Campaign Promises: The Lesser Evil
In the 2008 campaign, candidate Obama made a number of specific policy proposals. We can call these campaign promises—so long as we understand that they’re implicitly conditioned on Congressional approval and subject to change in light of unanticipated developments. Needless to say, not all of these “promises” became reality. Sometimes, as with the individual mandate in healthcare reform, Congress went a different direction. In other cases, the situation developed. The “promise” to personally meet with the leaders of Iran was made before the Green Revolution. That changed things. While we lament “broken campaign promises,” nobody seriously expects every last policy proposal made during a campaign to get implemented exactly as proposed. We get that the more detailed a candidate’s proposals are the less likely they are to be enacted precisely as written. Candidates make promises of the policies they hope to enact to let people know the direction they would like to lead in. Reality intervenes. Hopefully the principles stay the same.
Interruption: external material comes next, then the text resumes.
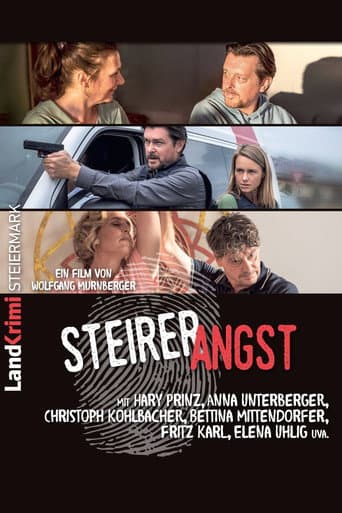 Poster for Steirerangst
The Romney Campaign has taken a different tact. They’re avoiding putting out any sort of detailed proposal. I’m getting mailings from Romney that blame Obama for every bad thing in the world—but are puzzlingly opaque on what, if anything, Romney would do if elected President. His campaign says they can’t give policy details because it would “just allow the Obama campaign to shoot at it.” The only detail we know about the policies is that they’re likely to be so unpopular that Romney would rather be vague about them than risk the political fallout of what he actually plans to do if elected.
So Romney, give me some campaign promises. I don’t expect you to actually implement them. Considering your record of politically convenient reversals, I won’t even expect you to mean them sincerely. But come on. Offer some details. Nobody wants to vote for the wildcard.